__TASK__
Shown below is a listing with pictures; reproduce exactly, and only, the lines between the ones containing "man working driving his truck" and "Pink scarf with", inclusive, leaving the pictures out.

__DATA TO PROCESS__
----------------------------------------

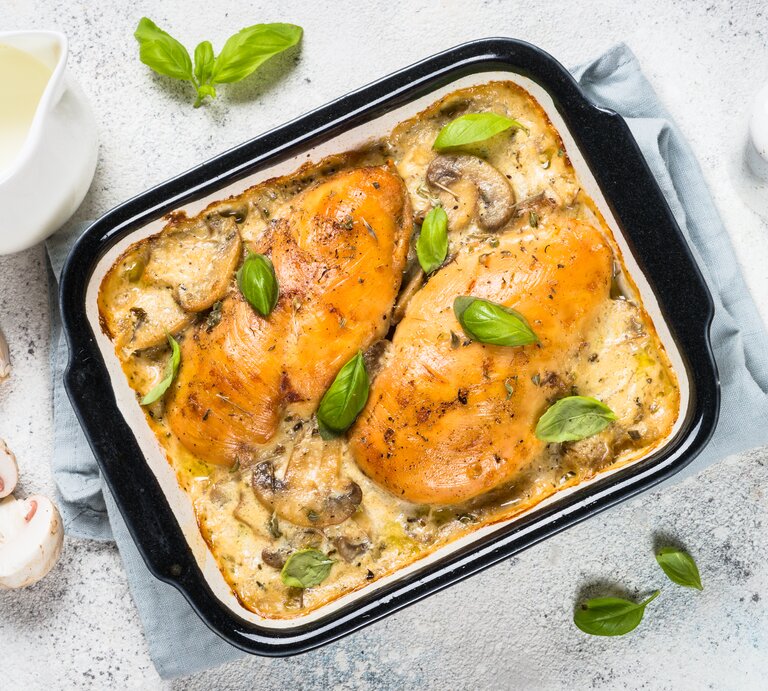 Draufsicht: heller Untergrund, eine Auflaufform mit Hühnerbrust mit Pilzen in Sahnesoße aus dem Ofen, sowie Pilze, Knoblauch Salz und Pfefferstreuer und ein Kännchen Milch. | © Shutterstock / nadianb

----------------------------------------

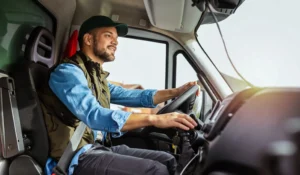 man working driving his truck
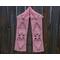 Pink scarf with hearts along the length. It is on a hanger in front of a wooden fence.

----------------------------------------

__WRITTEN ANSWER__
 man working driving his truck
 Pink scarf with hearts along the length. It is on a hanger in front of a wooden fence.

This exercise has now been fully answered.